Bank of England leaves interest rates unchanged
The Bank of England left interest rates on hold at 4.75% on Thursday, in a move widely expected following a recent uptick in inflation.
In its last meeting of the year, the Monetary Policy Committee voted by a majority of six to three to leave the cost of borrowing unchanged.
The MPC has trimmed rates twice this year, each time by a quarter point, after record inflation eased significantly.
However, it still remains above the BofE's long-term target of 2%, rising for the second consecutive month in November to 2.6%.
In particular, the MPC has long-flagged concerns about sticky service sector inflation, which stood at 5.0% last month. When it last cut rates in November, the committee signalled then that another reduction was unlikely before 2025.
The MPC is facing a tricky balance. While inflationary pressures remain, so the labour market and consumer confidence is showing signs of softening. GDP has now shrunk for two consecutive months.
In the minutes accompanying Thursday’s rate decision, the committee acknowledged recent data pointing to “sluggish demand and a weakening labour market, now and in the year ahead, both of which would see further downwards pressure on demand, wages and prices”.
While six members backed leaving rates unchanged, including governor Andrew Baily and chief economist Huw Pill, three voted for a quarter point cut. They were Swati Dhingra, Dave Ramsden and Alan Taylor.
The minutes concluded: “A gradual approach to removing monetary policy restraint remained appropriate.
“Monetary policy would need to continue to remain restrictive for sufficiently long until the risks to inflation returning sustainably to the 2% target in the medium term had dissipated further.”
Laith Khalaf, head of investment analysis at AJ Bell, said: “As inflationary forces gather, the BofE isn’t going to be a gung-ho about cutting interest rates. Nonetheless, the fact three members voted to cut Bank Rate is a dovish signal which markets will likely respond to.

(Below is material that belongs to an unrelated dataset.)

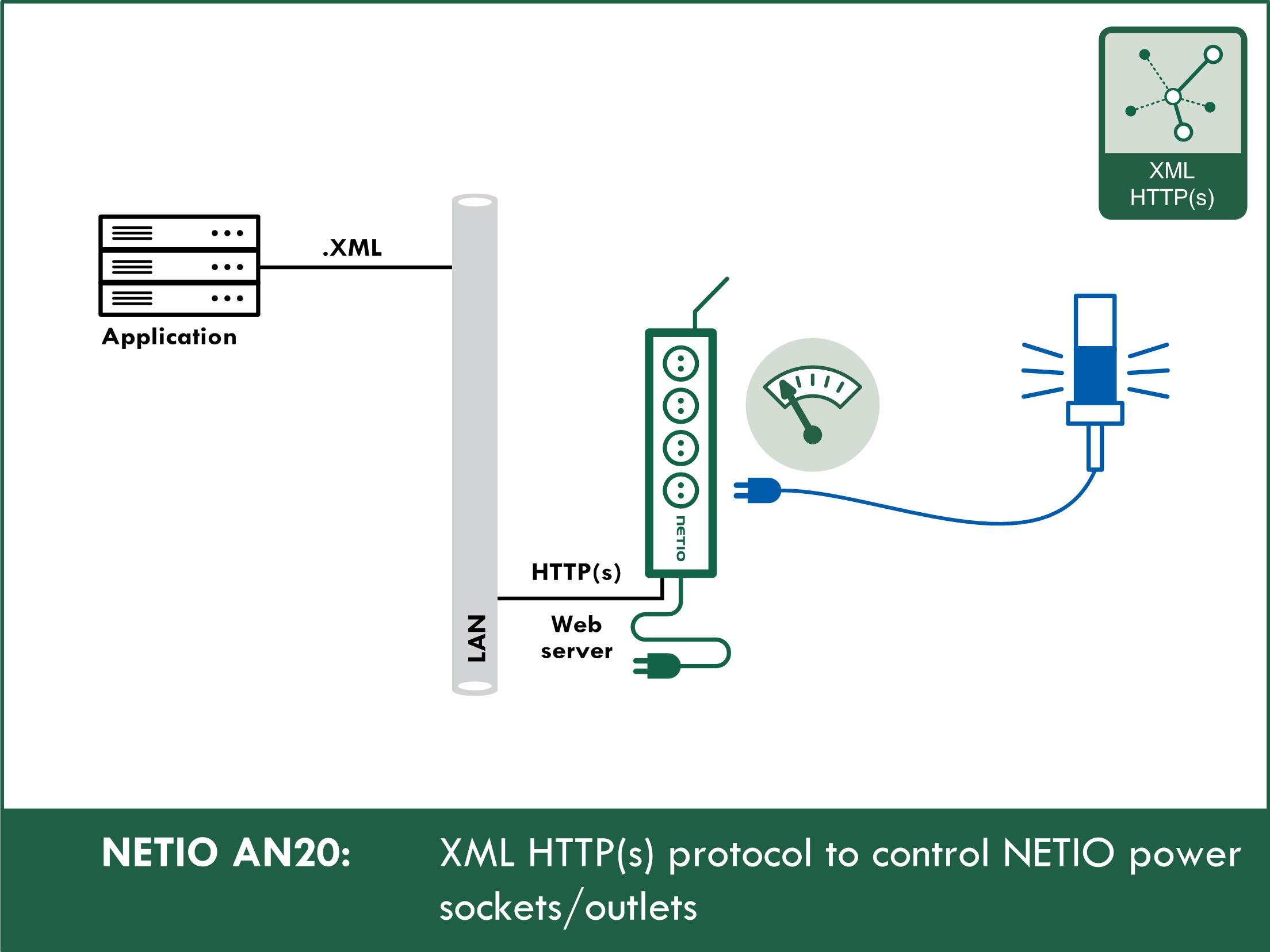 AN20: XML HTTP(s) protocol to control NETIO smart power sockets 110/230V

“No one is expecting inflation to rise to double digits again, but sticky inflation still limits the capacity of BofE to cut rates. That’s going to keep borrowing costs elevated for companies, dampening the prospects for economic growth. It also lessens the chance of UK savers stepping outside the familiar walls of cash savings accounts and investing in the UK stock market.”
Susannah Streeter, head of money and markets at Hargreaves Lansdown, said: “The door is still open to cuts, as this was not an unanimous decision. However, they are expected to be few and far between next year, with the markets pricing in just two interest rate cuts.”
However, Francesco Pesole, FX strategist at ING, said: “The MPC is explicitly refusing to commit to the size and timing of rate cuts in 2025. This follows the latest slew of data, which showed an acceleration in wage growth and sticky services inflation.
“What slightly surprised markets was the close vote. Our expectations, and probably that of the market, was that only arch-dove Dhingra would have voted for cut.
“The apparent growing dovish front within the MPC, in spite of the latest hawkish wage data, potentially suggests a greater focus on slowing activity.
“That reinforces our dovish view on the BofE for the next year: we expected 150bps of cuts, against market expectations of around 55bps.”